= Activity =
Every line below needs to be transcribed without alteration, and no image may be carried over.

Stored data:
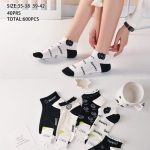SKARPETY / STOPKI DAMSKIE .SIZE: 35-42_ (40PAR/PACZKA) KOLOR JAK NA ZDZIĘCIU 6412273
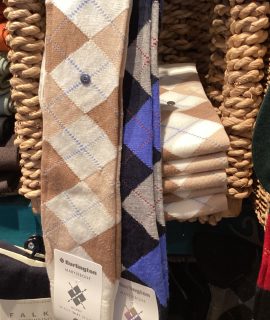 Burlington wolmix dames kniekousen Marylebone
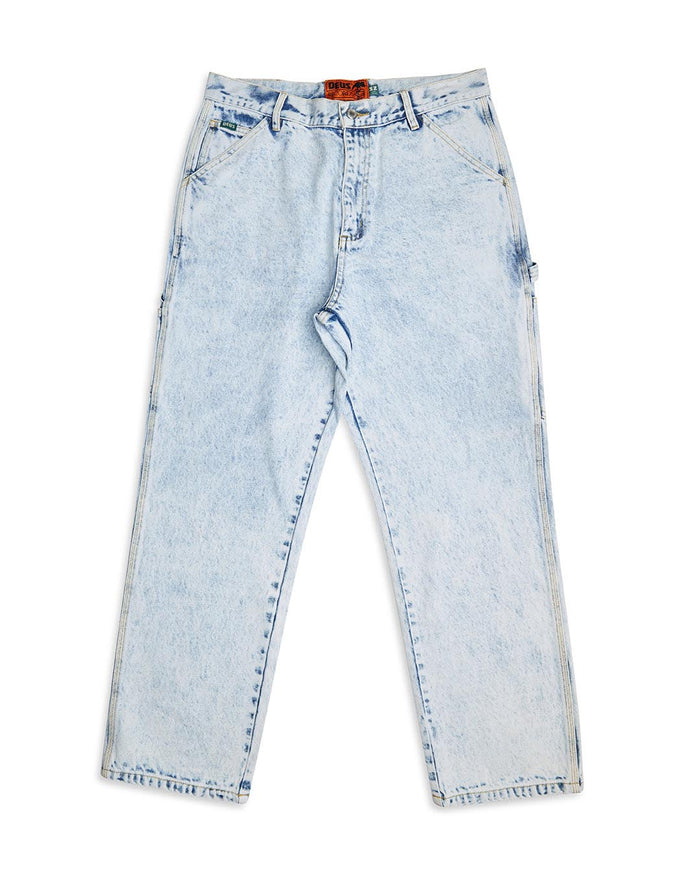 Big Fella Jean - Light Blue Wash, view 2|Flatlay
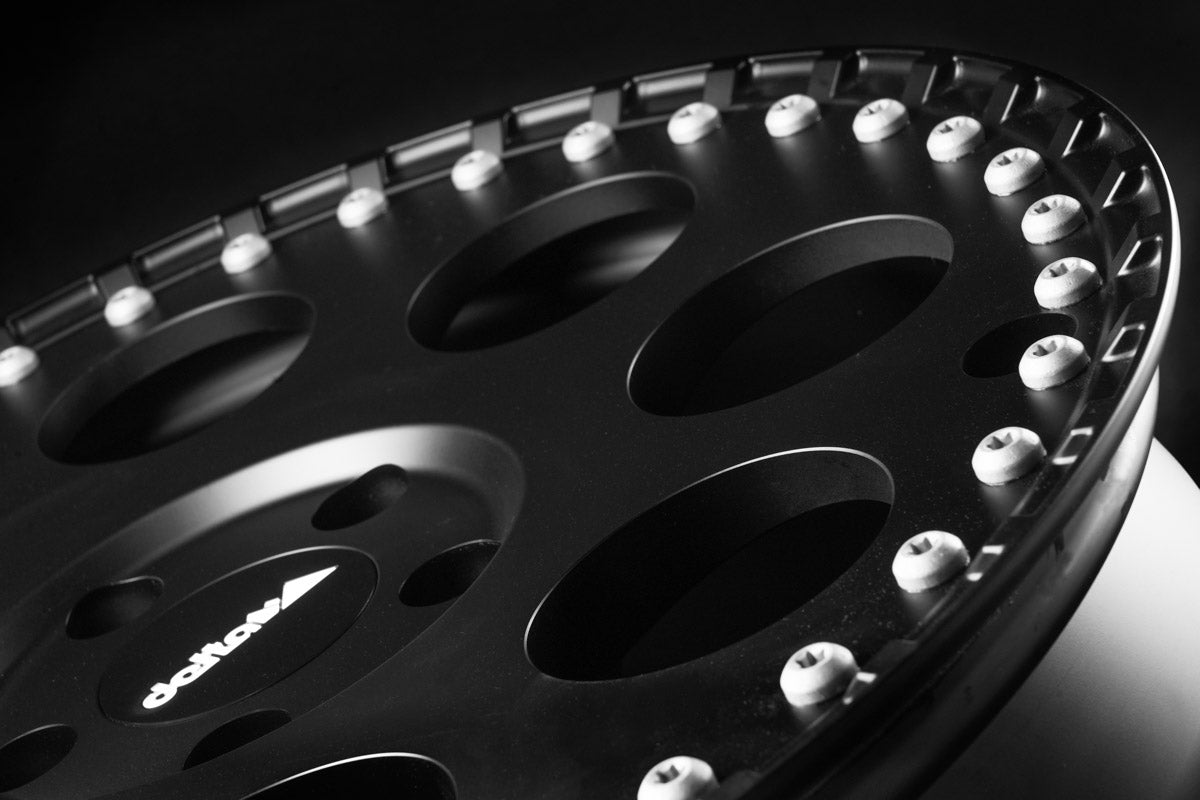Alloy Wheel Force Light Matte Black Color:Matte Black|Offset:35|Inch Size:20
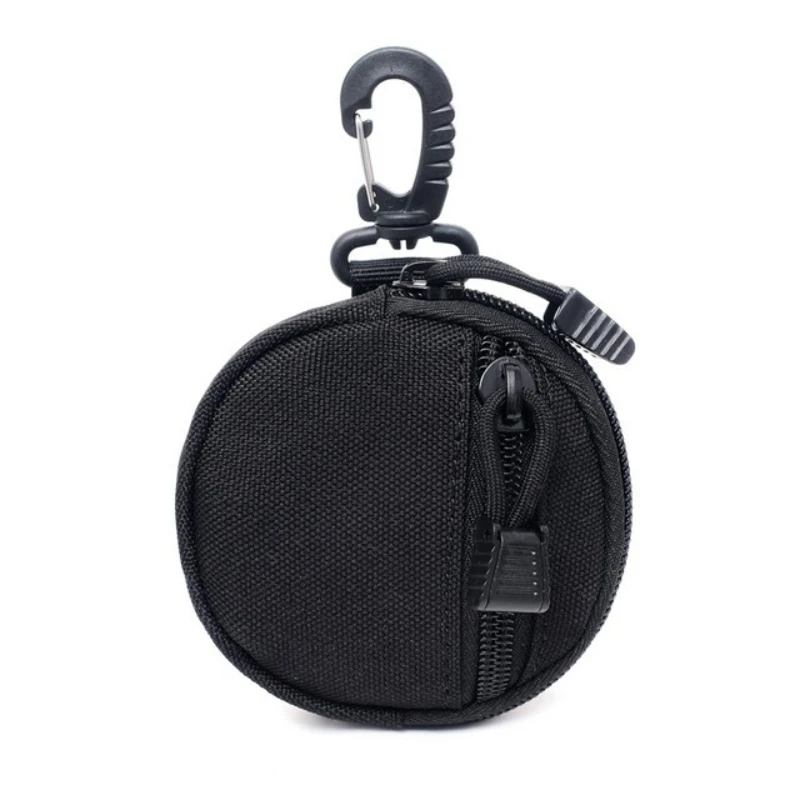 Tactical Wallet Pocket 1000D Military Accessory Bag Portable Mini Money Coin Pouch Keys Holder Waist Bag for Hunting Camping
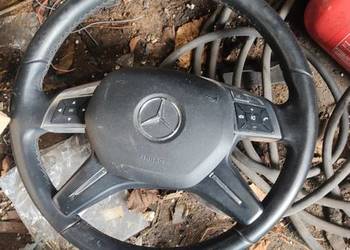 Kierownica multifunkcja Mercedes w204 lift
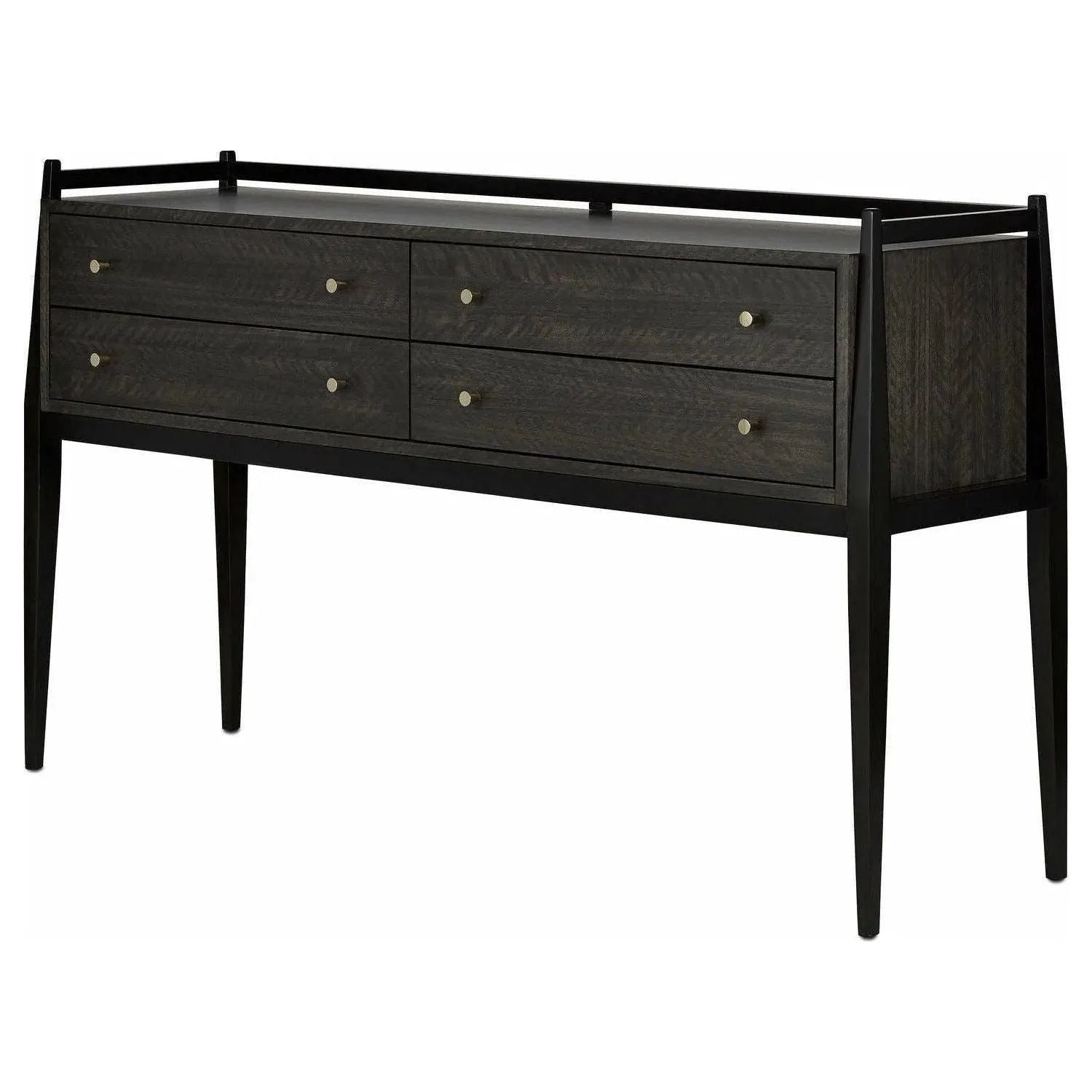 Currey and Company - Selig Console Table - 3000-0046 | The Rug District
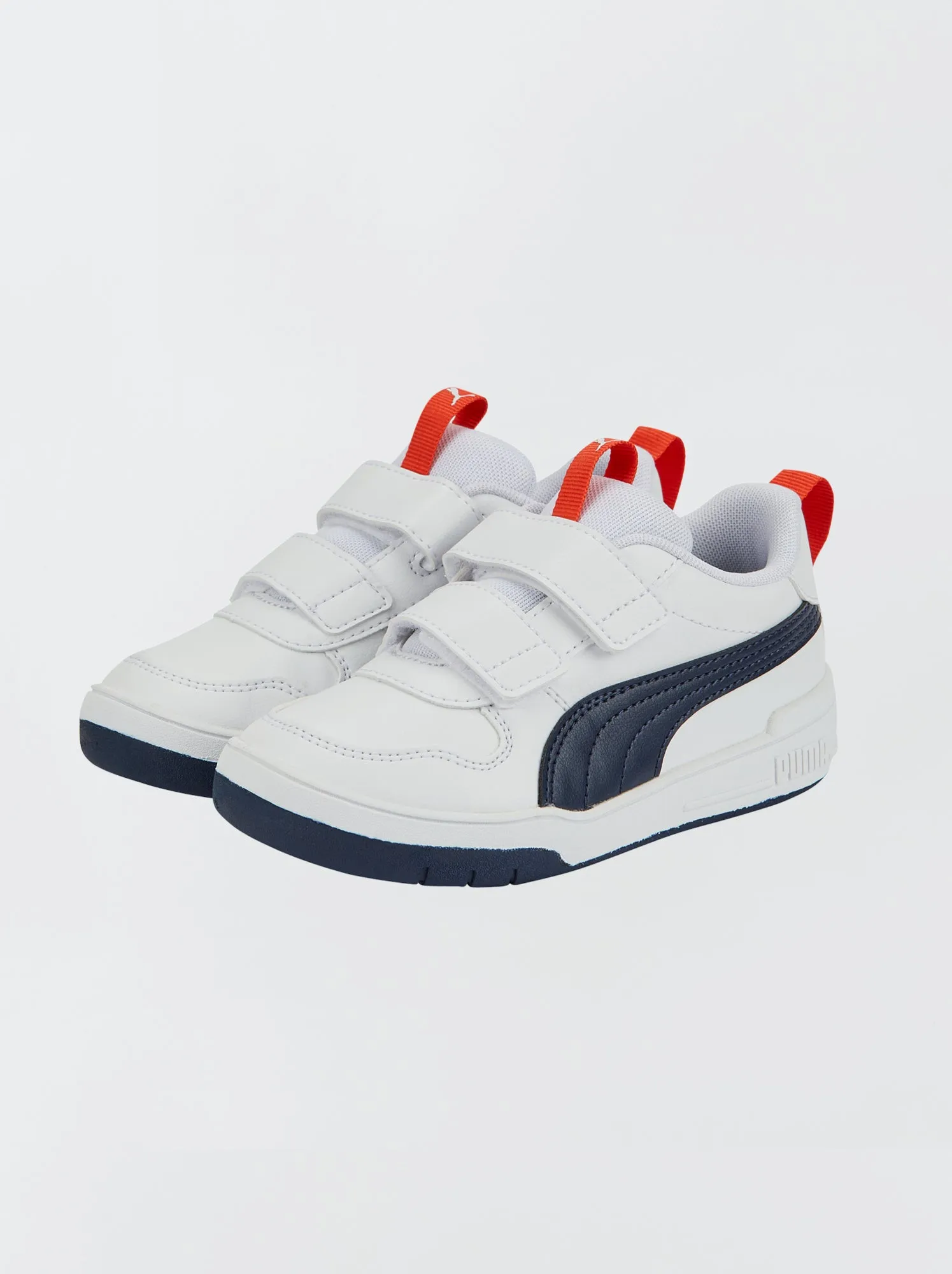 Sneakers multiflex tricolore 'Puma' - bianco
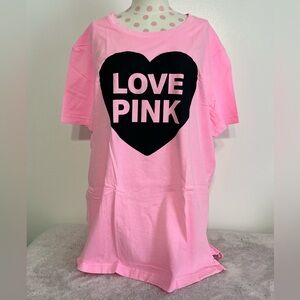 Victoria’s Secret Pink Originals Short Sleeve Tee NWT XL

= Solution =
SKARPETY / STOPKI DAMSKIE .SIZE: 35-42_ (40PAR/PACZKA) KOLOR JAK NA ZDZIĘCIU 6412273
 Burlington wolmix dames kniekousen Marylebone
 Big Fella Jean - Light Blue Wash, view 2|Flatlay
Alloy Wheel Force Light Matte Black Color:Matte Black|Offset:35|Inch Size:20
 Tactical Wallet Pocket 1000D Military Accessory Bag Portable Mini Money Coin Pouch Keys Holder Waist Bag for Hunting Camping
 Kierownica multifunkcja Mercedes w204 lift
 Currey and Company - Selig Console Table - 3000-0046 | The Rug District
 Sneakers multiflex tricolore 'Puma' - bianco
 Victoria’s Secret Pink Originals Short Sleeve Tee NWT XL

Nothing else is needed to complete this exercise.